Dengan rutinitas kerja sebagai analis laboratorium, sebelumnya Kesya telah tiga tahun mengendarai sepeda motor ke tempat kerja. Kebosanan pun mulai dirasakan, baik saat di dalam laboratorium maupun sesudah kembali ke indekosnya di Bahomakmur, salah satu desa di lingkar industri IMIP.

“Saya awalnya cuma ingin memanfaatkan waktu untuk berolahraga, karena setiap hari kerja, kurang kegiatan fisik. Lalu saya terpikir, rasanya bagus ya, sebelum pergi kerja sambil berolahraga,” katanya, mengenang. Dari situlah, Kesya mulai menjalankan hobi bersepeda di sekitar Bahodopi pada akhir tahun 2024. Sebulan berselang, sejak awal 2025, dia memutuskan untuk mengayuh sepeda sebagai moda transportasi menuju tempat kerja (bike to work). Kesya makin terpantik untuk menggunakan sepeda ke tempat kerja saat ia berkunjung ke Kota Makassar, Sulawesi Selatan.

“Di Makassar banyak orang bike to work, jadi kayaknya seru (bersepeda). Mumpung lagi cuti di Makassar, jadi belilah sepeda di sana,” tutur gadis asal Kecamatan Mangkutana, Kabupaten Luwu Timur, Sulawesi Selatan ini. Setelah memiliki sepeda gunung idamannya, Kesya kini menjalani kebiasaan baru bike to work sekurangnya empat hari dalam seminggu, dengan mempertimbangkan kondisi cuaca dan fisik. Dia biasa berangkat dua jam sebelum jam masuk kerja, agar nyaman di jalan dan tidak terburu-buru. Dalam sekali perjalanan menuju terminal bus IMIP, Kesya rata-rata menghabiskan waktu 15–20 menit untuk menggowes. Setelah itu, dia menuju lokasi kerja memanfaatkan fasilitas armada bus perusahaan.

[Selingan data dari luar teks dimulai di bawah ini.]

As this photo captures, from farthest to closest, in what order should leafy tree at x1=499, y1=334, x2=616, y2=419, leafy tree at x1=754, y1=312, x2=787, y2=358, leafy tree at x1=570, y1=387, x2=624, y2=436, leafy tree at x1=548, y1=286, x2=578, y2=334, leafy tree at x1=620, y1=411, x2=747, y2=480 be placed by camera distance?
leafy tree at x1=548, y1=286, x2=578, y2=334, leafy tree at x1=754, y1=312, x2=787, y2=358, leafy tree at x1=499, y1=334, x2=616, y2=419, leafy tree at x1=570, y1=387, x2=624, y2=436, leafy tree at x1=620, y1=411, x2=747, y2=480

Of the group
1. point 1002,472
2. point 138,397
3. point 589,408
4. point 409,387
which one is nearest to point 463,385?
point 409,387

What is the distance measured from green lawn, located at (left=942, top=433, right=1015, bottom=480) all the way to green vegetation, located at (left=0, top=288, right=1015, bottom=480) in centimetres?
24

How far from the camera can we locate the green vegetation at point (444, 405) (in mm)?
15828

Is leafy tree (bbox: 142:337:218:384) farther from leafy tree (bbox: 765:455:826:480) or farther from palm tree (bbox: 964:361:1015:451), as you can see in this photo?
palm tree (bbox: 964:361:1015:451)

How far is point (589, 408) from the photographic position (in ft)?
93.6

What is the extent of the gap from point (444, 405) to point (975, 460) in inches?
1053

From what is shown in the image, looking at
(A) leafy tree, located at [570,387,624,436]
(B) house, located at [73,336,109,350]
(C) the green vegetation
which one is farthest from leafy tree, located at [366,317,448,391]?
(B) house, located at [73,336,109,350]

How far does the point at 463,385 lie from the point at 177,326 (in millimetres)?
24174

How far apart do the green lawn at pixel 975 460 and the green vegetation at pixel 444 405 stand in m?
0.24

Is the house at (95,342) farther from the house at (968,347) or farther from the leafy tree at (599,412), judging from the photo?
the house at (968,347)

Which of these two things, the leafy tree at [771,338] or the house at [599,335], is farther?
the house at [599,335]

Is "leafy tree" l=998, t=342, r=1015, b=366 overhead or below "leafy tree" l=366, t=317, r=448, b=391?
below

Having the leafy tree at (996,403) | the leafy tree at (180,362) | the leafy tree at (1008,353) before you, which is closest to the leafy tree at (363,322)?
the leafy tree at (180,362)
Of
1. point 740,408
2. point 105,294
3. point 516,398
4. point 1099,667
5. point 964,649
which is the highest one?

“Misalnya shift pagi saya masuk jam 7 pagi, pasti sudah berangkat jam 5 subuh. Saat masuk shift sore nanti saya berangkat jam 1 siang. Lalu, jika sif malam juga begitu, berangkat jam 9 untuk jadwal mulai kerja jam 11 malam,” tuturnya.

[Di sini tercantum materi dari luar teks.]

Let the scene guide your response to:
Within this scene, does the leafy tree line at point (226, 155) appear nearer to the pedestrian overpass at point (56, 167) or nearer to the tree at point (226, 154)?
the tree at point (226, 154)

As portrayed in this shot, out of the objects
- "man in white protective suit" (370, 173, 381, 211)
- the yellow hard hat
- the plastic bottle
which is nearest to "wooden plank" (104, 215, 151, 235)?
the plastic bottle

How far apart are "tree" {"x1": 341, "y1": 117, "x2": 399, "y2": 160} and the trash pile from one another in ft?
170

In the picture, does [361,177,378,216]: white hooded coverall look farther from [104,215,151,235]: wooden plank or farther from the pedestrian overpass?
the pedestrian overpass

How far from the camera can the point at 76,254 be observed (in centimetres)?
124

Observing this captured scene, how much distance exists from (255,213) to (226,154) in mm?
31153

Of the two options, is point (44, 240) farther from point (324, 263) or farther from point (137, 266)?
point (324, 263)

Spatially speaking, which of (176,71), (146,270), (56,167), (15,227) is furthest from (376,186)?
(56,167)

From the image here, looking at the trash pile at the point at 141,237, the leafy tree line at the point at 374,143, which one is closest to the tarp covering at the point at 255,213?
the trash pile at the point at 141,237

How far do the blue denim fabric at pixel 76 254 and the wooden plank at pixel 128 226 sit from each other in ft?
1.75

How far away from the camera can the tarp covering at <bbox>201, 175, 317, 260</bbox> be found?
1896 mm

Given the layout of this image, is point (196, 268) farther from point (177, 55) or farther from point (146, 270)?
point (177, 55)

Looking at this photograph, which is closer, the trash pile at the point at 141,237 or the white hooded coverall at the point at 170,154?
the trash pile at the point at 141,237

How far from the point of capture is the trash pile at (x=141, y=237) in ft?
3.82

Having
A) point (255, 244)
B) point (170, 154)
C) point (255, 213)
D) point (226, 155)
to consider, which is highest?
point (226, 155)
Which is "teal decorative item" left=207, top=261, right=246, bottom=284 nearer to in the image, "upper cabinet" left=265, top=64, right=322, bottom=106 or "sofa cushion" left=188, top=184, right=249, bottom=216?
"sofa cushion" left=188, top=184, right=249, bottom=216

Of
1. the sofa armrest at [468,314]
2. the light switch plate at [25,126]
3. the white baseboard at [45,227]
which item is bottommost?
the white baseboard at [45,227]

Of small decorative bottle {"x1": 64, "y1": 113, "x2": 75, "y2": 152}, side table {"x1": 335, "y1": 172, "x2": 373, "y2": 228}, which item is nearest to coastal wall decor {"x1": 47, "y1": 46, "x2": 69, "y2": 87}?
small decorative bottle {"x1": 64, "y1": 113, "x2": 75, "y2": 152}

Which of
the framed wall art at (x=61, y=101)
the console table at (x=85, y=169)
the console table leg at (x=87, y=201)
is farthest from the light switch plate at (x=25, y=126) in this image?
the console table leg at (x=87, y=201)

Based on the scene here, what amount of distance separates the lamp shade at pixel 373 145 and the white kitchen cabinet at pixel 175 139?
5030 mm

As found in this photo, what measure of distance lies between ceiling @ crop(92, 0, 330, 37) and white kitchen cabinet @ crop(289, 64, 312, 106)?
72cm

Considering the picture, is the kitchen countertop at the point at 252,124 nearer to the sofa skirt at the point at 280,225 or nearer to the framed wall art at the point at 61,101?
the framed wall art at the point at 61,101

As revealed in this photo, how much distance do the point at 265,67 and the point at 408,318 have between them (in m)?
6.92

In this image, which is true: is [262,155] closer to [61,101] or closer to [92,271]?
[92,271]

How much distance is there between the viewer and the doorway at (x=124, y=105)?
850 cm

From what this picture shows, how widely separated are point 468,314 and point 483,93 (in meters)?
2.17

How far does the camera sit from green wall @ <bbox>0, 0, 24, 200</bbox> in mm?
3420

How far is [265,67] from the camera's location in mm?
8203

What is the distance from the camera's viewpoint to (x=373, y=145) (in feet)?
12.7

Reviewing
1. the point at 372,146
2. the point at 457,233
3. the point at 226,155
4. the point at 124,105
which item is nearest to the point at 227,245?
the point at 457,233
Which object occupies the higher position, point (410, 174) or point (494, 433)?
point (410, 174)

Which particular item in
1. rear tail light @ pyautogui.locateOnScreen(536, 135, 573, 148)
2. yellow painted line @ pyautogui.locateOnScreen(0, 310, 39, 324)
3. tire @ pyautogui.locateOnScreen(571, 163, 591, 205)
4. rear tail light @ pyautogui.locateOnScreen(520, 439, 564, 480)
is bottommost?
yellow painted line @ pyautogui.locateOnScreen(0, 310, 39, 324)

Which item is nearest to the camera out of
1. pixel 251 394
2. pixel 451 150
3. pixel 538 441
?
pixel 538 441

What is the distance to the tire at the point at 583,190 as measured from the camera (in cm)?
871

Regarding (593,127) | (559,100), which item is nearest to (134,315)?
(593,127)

Kegiatan bersepeda lalu menginspirasinya untuk membuat dan membagikan konten video blog (vlog). Konten vlog-nya pertama kali dipublikasi via TikTok pada Juni 2025, dan menyedot banyak penonton.

“Karena ternyata FYP (for your page/termasuk konten pilihan), ya lanjut. Dapat uang kan? Tiba-tiba motivasiku bertambah satu lagi, mengajak orang-orang lain di sini untuk naik sepeda,” urainya.